2. Montesquieu, L’Esprit des lois, Genève : 1749 (BmL, 150223)

Dans ce siècle des Lumières où la philosophie est reine, Montesquieu, juriste, s’attache davantage aux conditions nécessaires à l’exercice des libertés qu’à leur analyse. Dans L’esprit des lois (1748), il en vient ainsi à définir la séparation des trois pouvoirs législatif, exécutif et judiciaire, afin de limiter les abus des hommes de pouvoir (Chapitre IV, p. 152).
3. Déclaration d'indépendance des Etats-Unis d'Amérique (1776), publiée dans Louis-Alexandre de la Rochefoucauld d’Anville, Constitution des treize Etats-Unis de l’Amérique, Paris : 1792, tome 2, p. 131 (BmL, 400664)

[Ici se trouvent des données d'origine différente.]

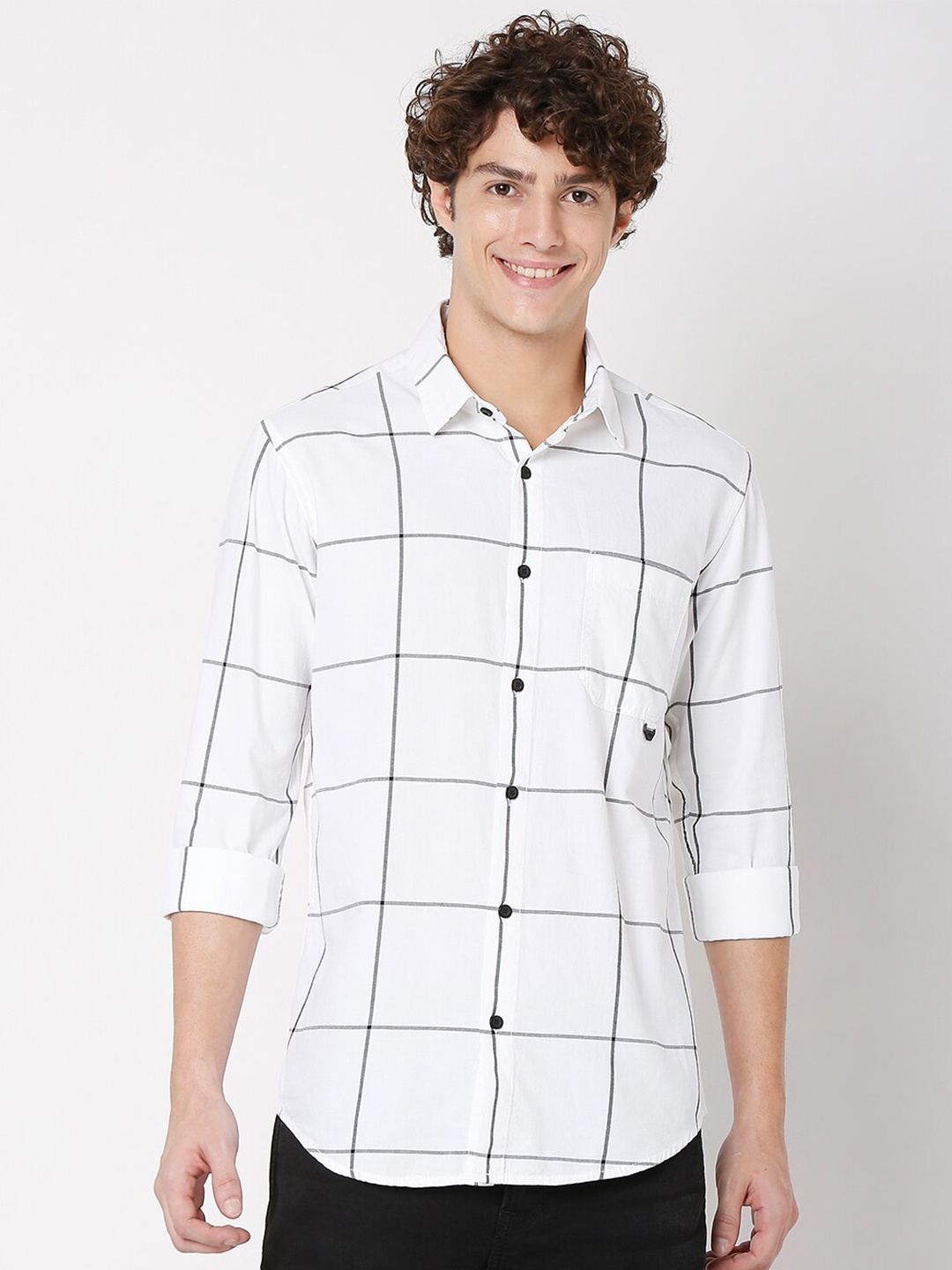 

Mufti Men Plus Size White Classic Slim Fit Pure Cotton Windowpane Checked Casual Shirt
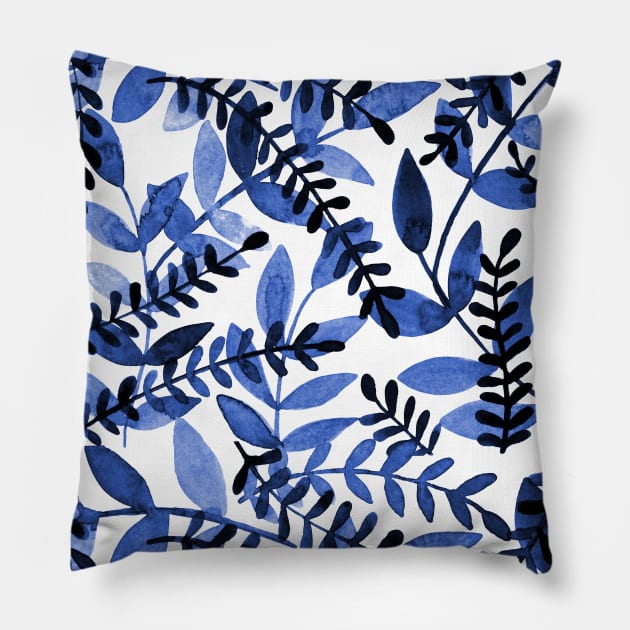 Watercolor branches - blue Pillow by wackapacka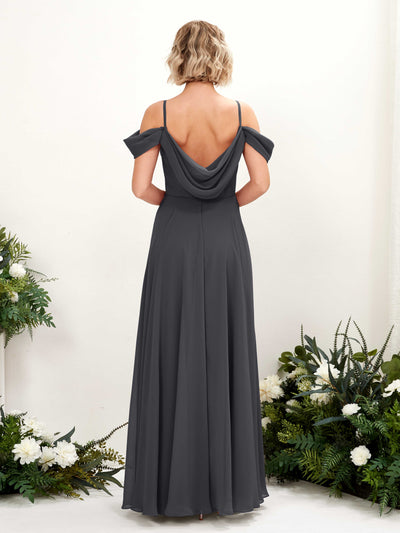 Carlyna Kauku A-Line Pewter Bridesmaid Dress Maxi Sleeveless V-Neck Dress Back View #color_pewter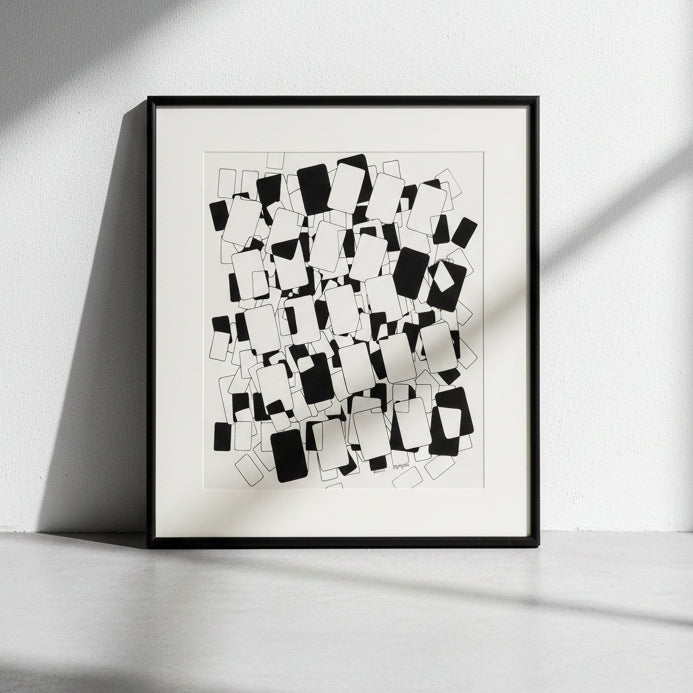 Mid-Century Modern Geometric Abstract Painting on Paper, 21x18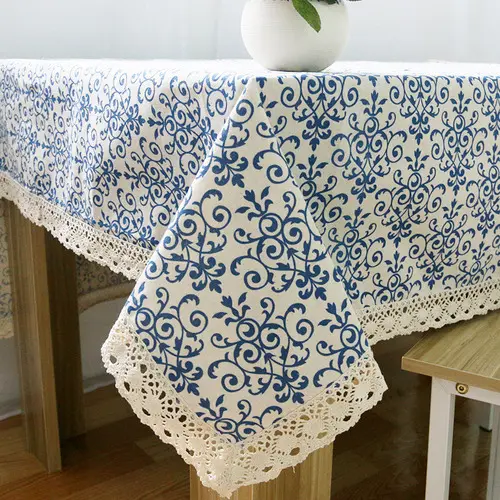 Chinese Classical Blue White Porcelain Lace Tablecloths Linen Cotton Dust-proof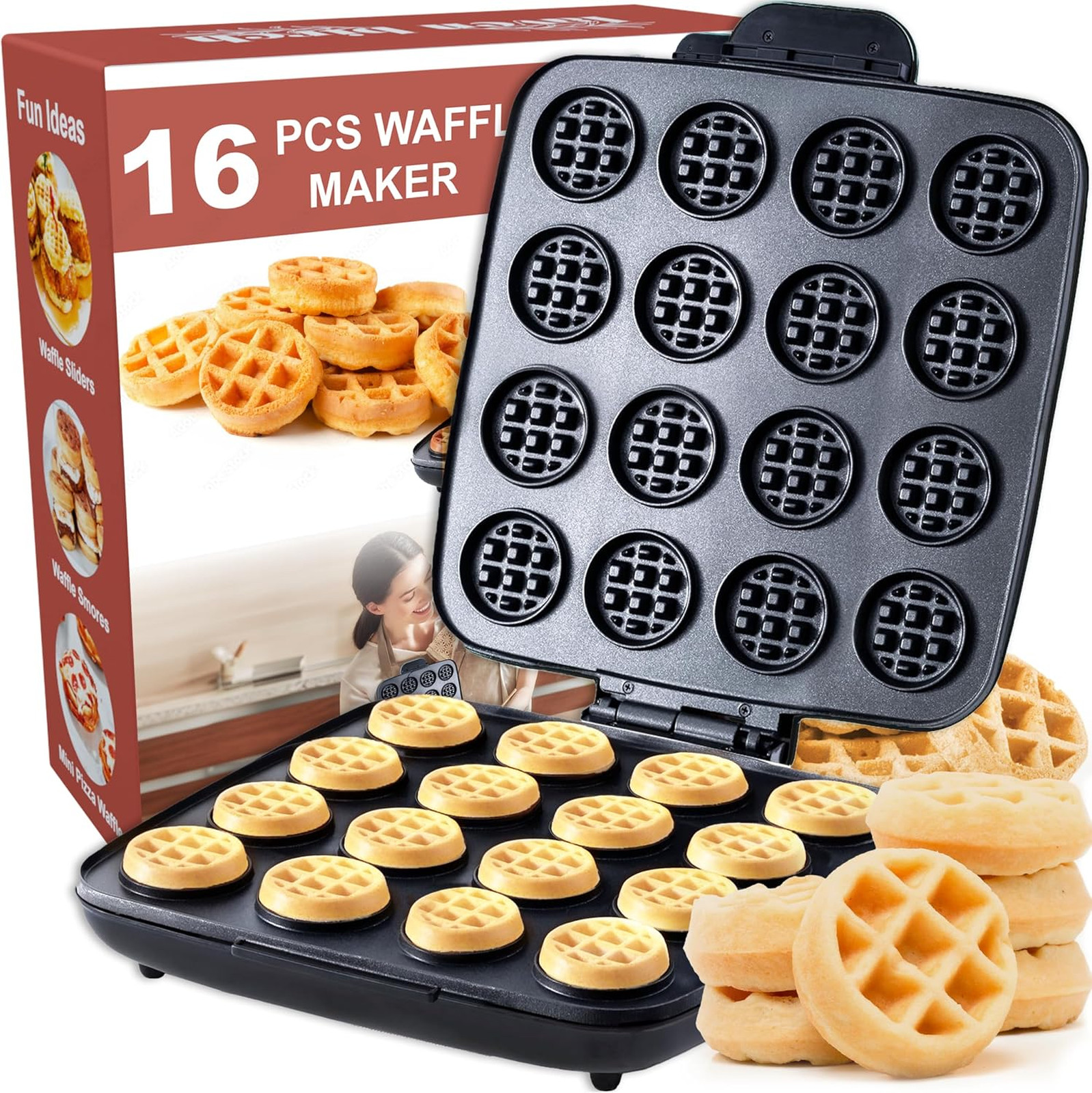 Mini Waffle Maker Machine 16 Hole Nonstick Compact Quick Heat Up Small Bites for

Le préambule de la Déclaration d’indépendance des Etats-Unis d’Amérique (1776), est un des premiers textes « officiels » à mentionner des droits humains universels et inaliénables. Plus encore, il institue le droit pour un peuple d’abolir tout gouvernement qui ne respecte pas ces droits, dont la conservation doit être le but de toute organisation politique (p. 134 et 135).
4. Convention nationale, Acte constitutionnel précédé de la Déclaration des droits de l'homme et du citoyen, Nancy : Haener, 1793 (BmL, SJ SS 190/59)

Après l’abolition de la monarchie en août 1792, la Convention nationale est chargée de rédiger une première constitution républicaine. Votée en 1793, cette première constitution, qui ne sera jamais appliquée, est précédée d’une nouvelle Déclaration des droits de l’homme et du citoyen (24 juin 1793), plus longue, moins connue que celle de 1789, et qui exprime une tendance beaucoup plus égalitaire.
5. Alexis de Tocqueville, De la démocratie en Amérique, Paris : Gosselin, 1842, tome 2 (BmL, SJ IG 526/229)

Alexis de Tocqueville, dans De la démocratie en Amérique (1835), analyse le fonctionnement réel de la démocratie aux Etats-Unis, et en pointe souvent les écueils, et le risque de dérive populiste. Dans ces pages toutefois, il défend la nécessité des institutions démocratiques en temps de crise, plutôt que l’illusoire tentation d’un retour au calme par le despotisme (p. 116 et 117).